I am something that does not exist (Ili)

Originally published in Queerulant_in (Jahrgang 2, Ausgabe 3 (6) – Dez 2013/Jan 2014).

Note: I will use the German word “schwul” for “gay male” in this article because English has no single word for the concept, and because “schwul” has a subtly different meaning from “gay male”. A great many Englishspeakers are offended by the English term “girlfag,” given that both”girl” and “fag” are at least potentially pejorative – a linguistic battle to which nobody has yet figured out a workable solution. Perhaps the German “schwule mädchen” will eventually be adopted into English.

I am something that many people will tell you does not exist. Schwul women (“girlfags”) and lesbian men (“guydykes”) cannot, by current gender-bound linguistic standards, be real. While the advent of trans identities in the last few decades has wrought significant changes in the meanings of “man” and “woman,” the words “schwul” and “lesbian” still have rigid definitions, even within the LGBTQ communities: only men can be schwul, only women can be lesbians. Anything else isn’t possible, per definitionem. And yet I, as well as an uncountable but significant number of men and women like me, feel strongly that we are these impossible identities, the schwul female, the male lesbian. To say that these identities are problematic is to understate the case dramatically.

Thinking the impossible

To begin with, it often takes years, perhaps even decades, for a nascent girlfag or guydyke to realize her or his tendencies. A woman may identify with schwul culture since puberty – but until she accepts the “impossible,” she may think she’s crazy, or the only one of her kind. She may try for years to reconcile herself to normative heterosexuality – after all, she likes guys, she must be straight, right?

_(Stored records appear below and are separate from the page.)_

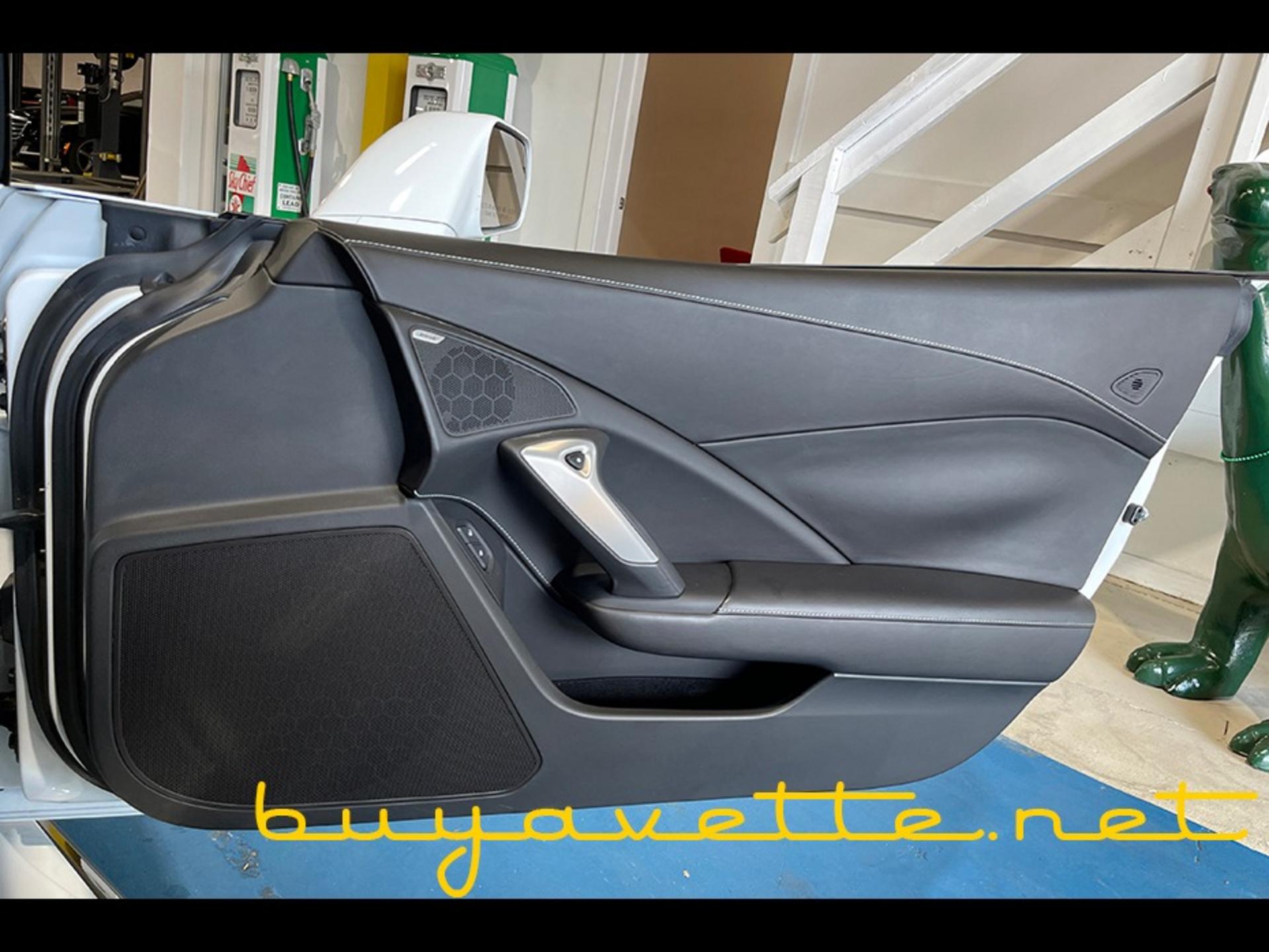 2015 Corvette Z06 Z07 3LZ Convertible picture #23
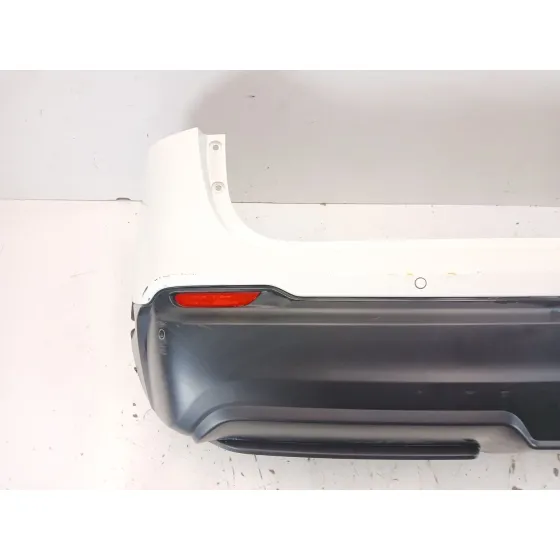 Paragolpes Trasero para Nissan Qashqai Ii (J11, J11_)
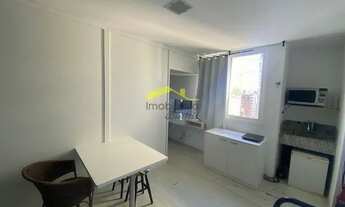Imagem 5: Flat para aluguel, 1 quarto, 1 vaga, Estoril - Belo Horizonte/MG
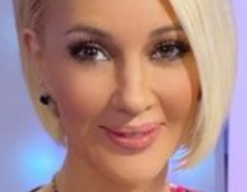 Лера Кудрявцева рассказала поклонникам, как едва не умерла в реанимации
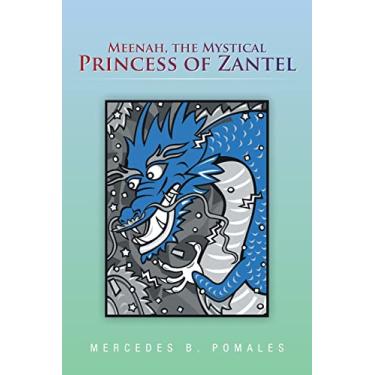 Imagem de Meenah, the Mystical Princess of Zantel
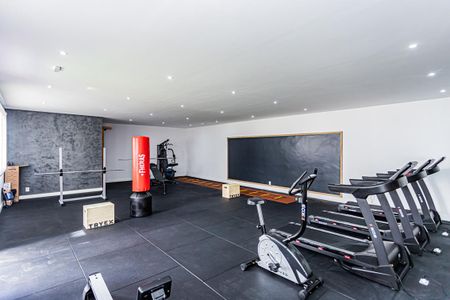 Apartamento para alugar com 39m², 2 quartos e sem vagaÁrea comum - Academia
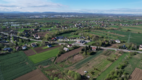 Nowa Huta ul. Brzeska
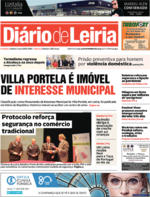 Diário de Leiria - 2019-09-13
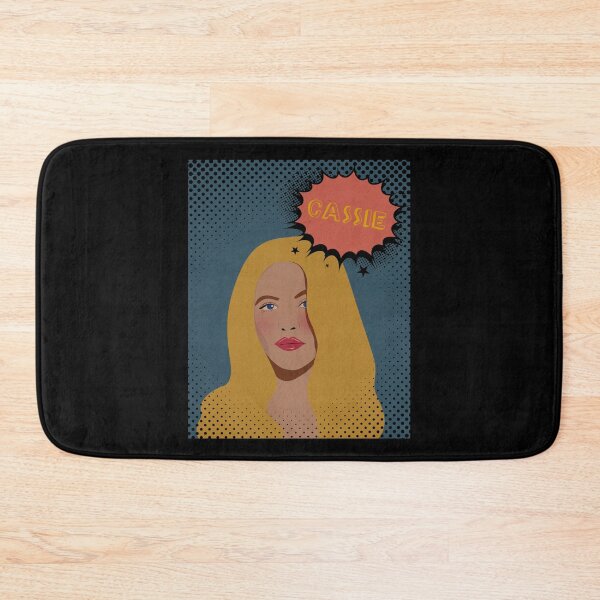 Item preview, Cassie Howard - Euphoria designed and sold by ellealsopaints.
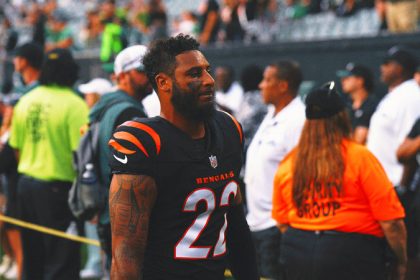 Cincinnati Bengals Assessing Options at Safety With Starter Geno Stone Injured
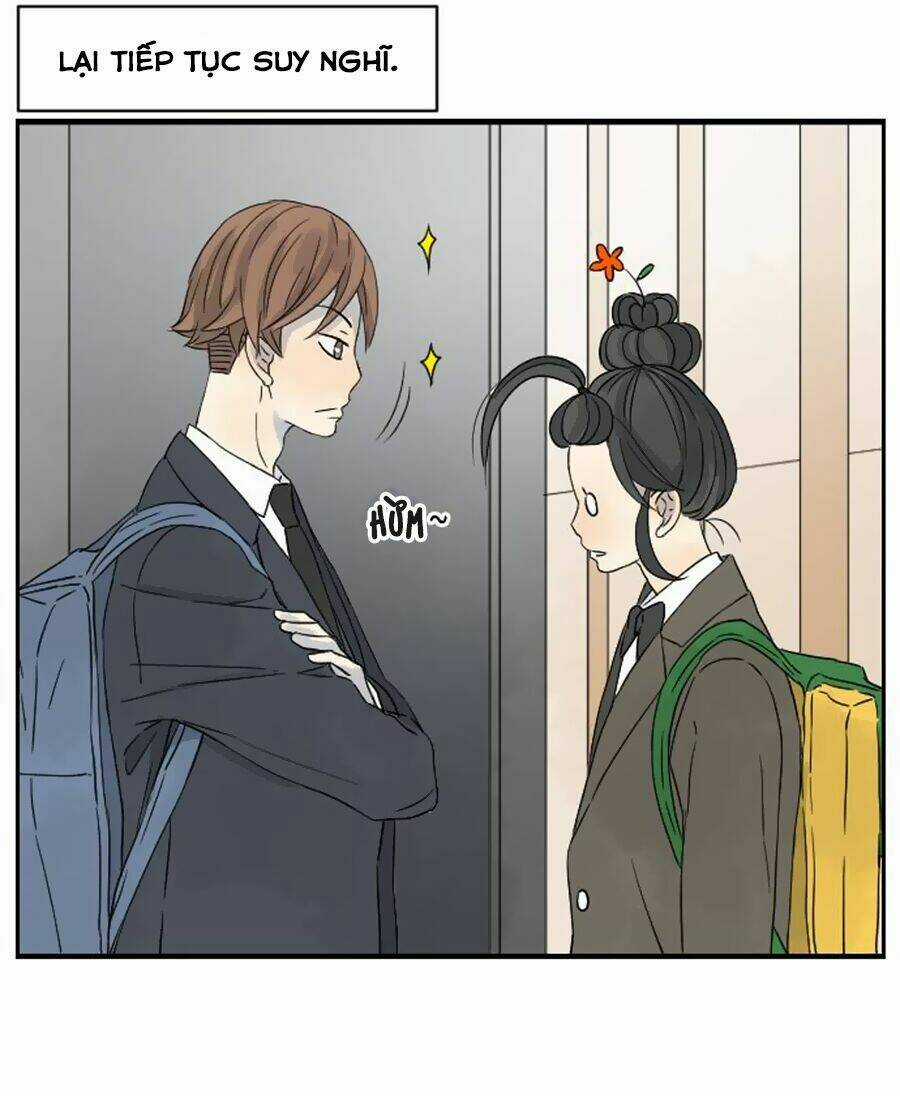 Bạn Trai Tui - Chapter 27 - Trang 18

Then one day she sees a TV show with a gay male character, or reads a bit of slash fiction, or simply looks around her circle of friends. She realizes that she’s schwul – and suddenly so many things become clear… at least for herself. Those around her, though, will probably not understand. She can’t explain how it’s possible that a woman can be schwul. How do you explain something when the language you speak lacks the words for it, when the culture you live in doesn’t see it as possible? (She may notice that she’s in a similarposition to a trans person a century ago, unable to explain how someone who looks unambiguously male could in fact be female, because the word and the concept of transgender have not yet been created.) Unless she is superhumanly self-confident, she will almost certainly falter, overwhelmed by the task of explaining an identity for which the words do not yet exist in common parlance. Doubts will arise: Can a woman really be schwul? A man lesbian? Or am I crazy?

Trans people in training?

In the modern world the general public has at least some awareness, however fallacious, about transgender identities – so girlfags and guydykes who are also gender-dysphoric may have an easier time explaining themselves. If you’re not just doubting your sexual orientation, but also your gender, the concept suddenly is easier to understand for many people. Of course, transsexuality isn’t accepted in all parts of society – but it’s possible, it’s thinkable!

Saying “I’m a woman who feels male and I am attracted to men as a man” or one of the famous sentences „I’m a gay man in a woman’s body“ or „I want tob e a lesbian woman“ is at least conceivable, even if many people are uncomfortablewith the idea. The connection between gender and sexual orientation is still very firm, both within and outside the LGBTQ community.

However, a schwul woman who is comfortable in her female identity seems to have no chance of acceptance: if she insists on her female gender, she’ll be – in the worst cases – seen as a desperate heterosexual “fag hag,” or pathologized as someone with severe genderconfusion. Guydykes have it even worse, encountering open hostility in lesbian culture, where they are seen as perverts. Some gender-dysphoric guydykes are treated more gently, as pre-op pre-hormone trans women, but even this is far from certain.

This is where the girlfag and guydyke concept becomes controversial even within our own small community. Are girlfags and guydykes simply “gay trans people in training”? If so, why aren’t they all working toward transitioning, instead of fighting for recognition of a still rare and poorly understood identity? (1)

Being in between cis and trans, gay and straight

In reality, I think, girlfags and guydykes are somewhere in between, occupying a huge grey area between cis and trans, between homosexuality and heterosexuality. Girlfags, as an example, can be plotted on an axis, with heterosexual fag hags on the one side, gay transmen on the other, and girlfags somewhere in between. (The side toward which they lean is different from individual to individual.) Thus, some girlfags prefer male pronouns for themselves, some female pronouns. Some identify as female and prefer traditionally feminine clothing and makeup, whereas others say that “they always wanted to be a boy” and appear more like butch lesbians. What they have in common is that they are sufficiently between categories to feel uncomfortable calling themselves either “heterosexual females” or “gay trans men.”

For some gay trans men and lesbian trans women, the identity as girlfag or guydyke was a kind of interstage along the path to transition. But it would be wrong to assume that all girlfags or guydykes will eventually become transsexuals.